At longer lead times, the ensemble mean and the ensemble median will tend to gravitate asymptotically towards the M-climate.  This is most clearly seen when the first ten days of the forecast are anomalous (e.g. after an initial spell of cold and rainy weather, the ensemble tends to indicate a return to milder and drier conditions at longer forecast ranges).  This follows logically from the fact that at an infinite range, when predictive skill is completely lost, a climatological value constitutes the optimal forecast.

Interpreting Ensemble Meteograms

It is necessary to assess critically the parameters shown on ENS meteograms. 

  • Bias: Verification of previous forecasts, particularly recent forecasts within a similar meteorological regime, may allow an insight into the bias of the latest forecast. 
  • Bi-modal distribution of forecast results:  Occasionally ENS forecasts diverge into a bi-modal (or possibly multi-modal) distribution in two (or more) distinct patterns.  This might happen if there were model uncertainty regarding timing or positioning of a cold front.  So for a given location a number of ENS members may show warm midday temperatures while others show much cooler temperatures.   Bi-modal distribution of forecast results will not be shown by meteograms.  Box-and whisker plots cannot do this - the effect would be just to stretch out the boxes.  However bimodal distributions can be apparent on plume diagrams.
  • Snow/rain discrimination:  If a majority of ENS members forecast temperatures below 0°C and, at the same time, a large number of members forecast substantial precipitation, there is no way to determine the likelihood of snowfall from the standard meteogram diagram alone.  It could be that the precipitating members might all have temperatures well above 0°C.   The ecCharts meteogram product shows ENS probabilities of precipitation types by categoryProbability of combined events can only be calculated from the original ENS data.  Several charts of combined probabilities are available on ecCharts.
  • Relative spread of forecast results:  This may vary considerably between one parameter and another in the same forecast step.  For example: 
    • In a high-pressure blocking event, there might be a small spread in precipitation and wind, but a large spread in temperature and cloudiness.
    • in a zonal regime, there might be a large spread in the precipitation and wind and a small spread in the temperature and cloudiness.
  • Severe weather events:  The ENS can only predict severe weather events of the kind that the can resolved by the current resolution (~9km).   Forecaster experience and local knowledge should help identify the severity and persistence of smaller scale active storms. 


Coastal and mountainous regions

When creating a meteogram for a specific location, the land-sea mask at the four surrounding ENS grid points is considered.

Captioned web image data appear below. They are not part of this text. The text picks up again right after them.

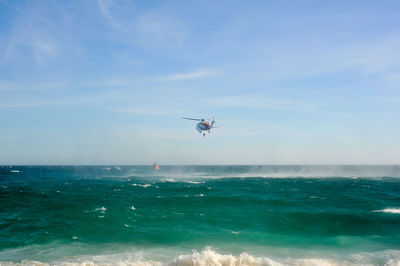 Rescue helicopter flying over sea against sky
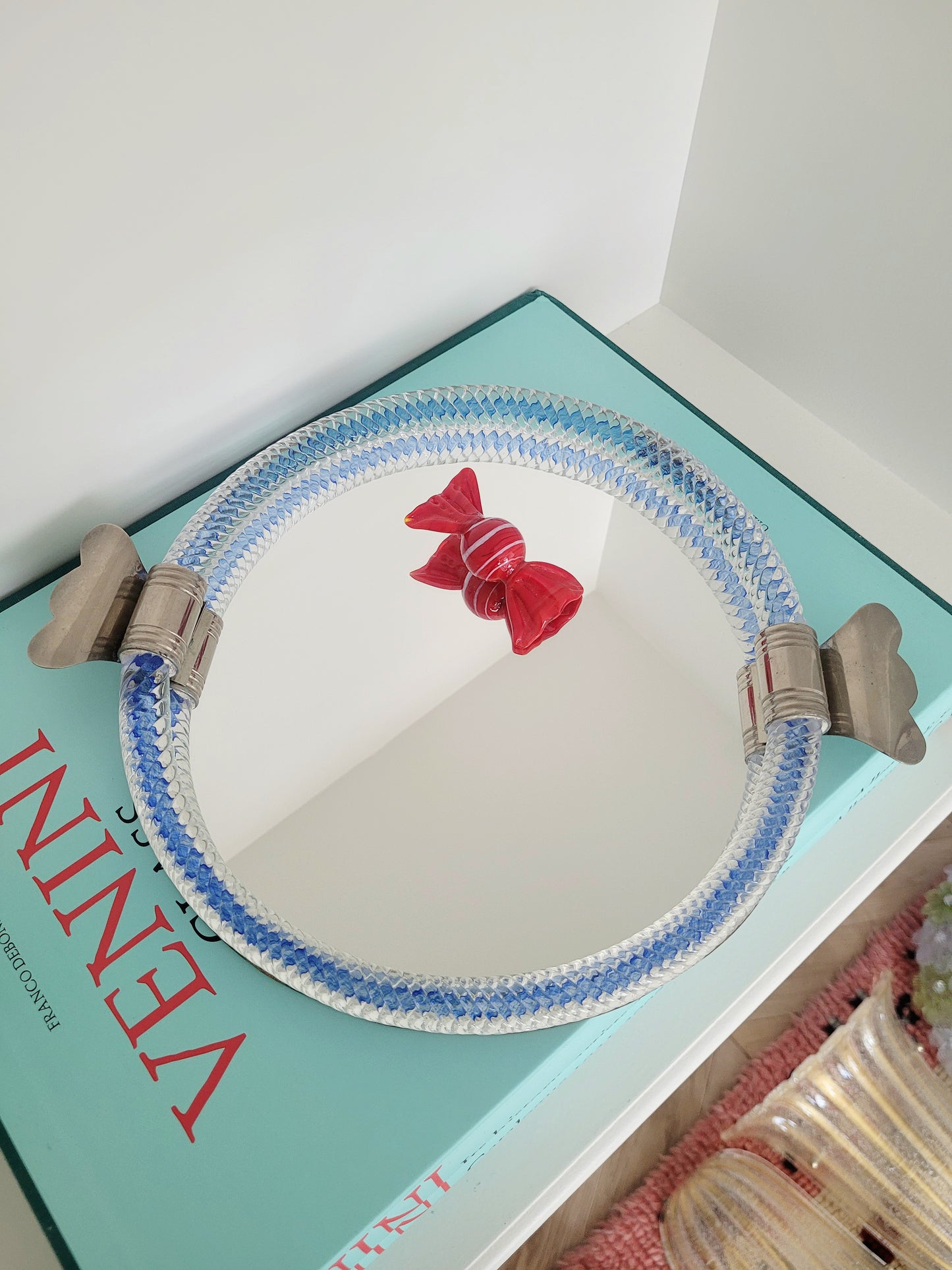 full view of an Italian mirror tray with twisted blue Murano glass frame on a stack of Venini books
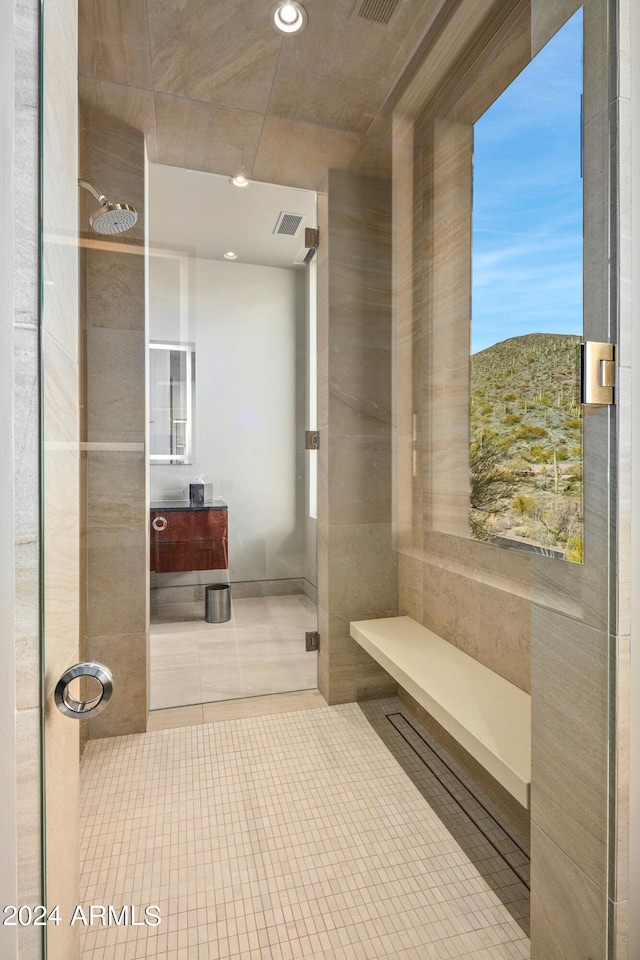 bathroom with tiled shower, a mountain view, and tile patterned flooring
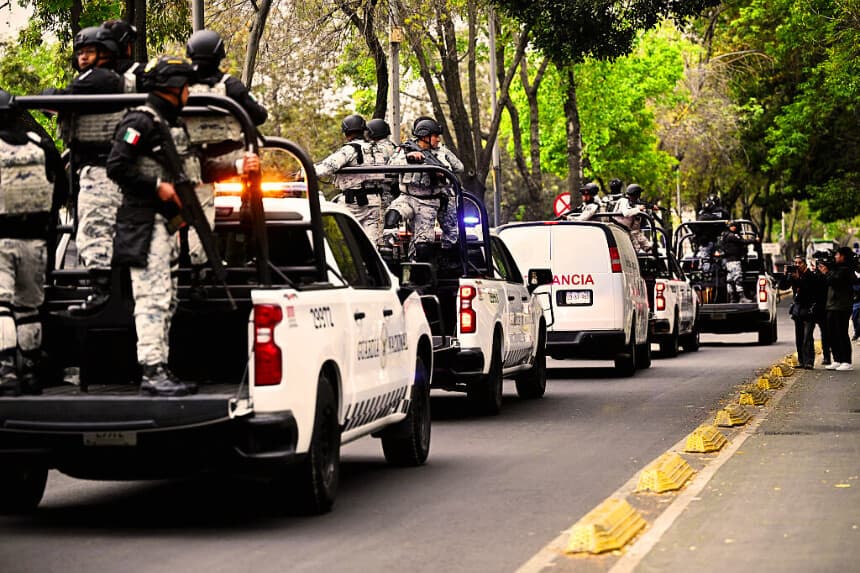 Las fuerzas especiales de la Guardia Nacional Mexicana escoltan una ambulancia del servicio forense a su llegada a la sede de la Fiscalía Especializada para la Defensa de la Justicia en materia de Delitos Organizados (FEMDO) en la Ciudad de México, el 22 de febrero de 2026. (Foto de Alfredo ESTRELLA / AFP vía Getty Images)
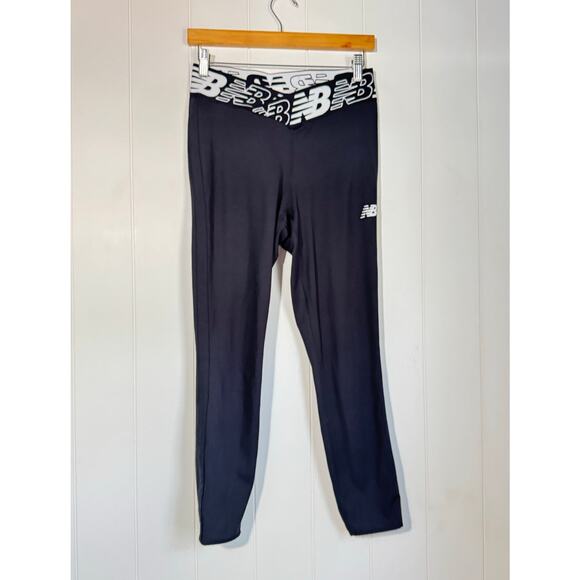 New Balance | Relentless Crossover High Rise Tight | Black Leggings | Medium - Picture 1 of 11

  • If there is at least one land grid point within these four, then the nearest land point will be chosen and the meteogram title section shows "ENS Land Point" together with its location and ENS altitude.
  • If only sea points are available then the nearest sea grid point will be chosen and the meteogram title section shows "ENS Sea Point" together with its location and ENS altitude of 0m.

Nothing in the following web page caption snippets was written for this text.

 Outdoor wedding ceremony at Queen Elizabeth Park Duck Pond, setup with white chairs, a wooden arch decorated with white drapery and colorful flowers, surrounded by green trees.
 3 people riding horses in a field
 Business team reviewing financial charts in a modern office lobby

Data at the selected ENS point is calculated using HTESSEL and FLake according to the proportions of land and sea cover within the surrounding grid point box (see examples below, or the Land-Sea Mask section for details).

Some influences of the adjacent sea areas or mountains may be over- or under-represented by the ENS meteograms.  This can significantly affect the forecast parameter on the meteogram (temperature, wind, etc).    Users should assess differences in meteograms for coastal, island or mountainous regions.   In particular consider:

  • the impact of the grid point(s) relative to the land-sea mask.
  • the variation of the altitude of the land.   Forecast values at the grid point nearest to the location are adjusted for altitude using a standard lapse rate assumption.  The difference in temperature can be considerable.




Note: the so-called land-sea mask processing (where the land or sea nature of the source and target points was used to adjust the interpolation weights) used by the old ECMWF interpolation software scheme (called EMOSLIB) is not used by default in the new MIR interpolation package that was introduced early in 2019.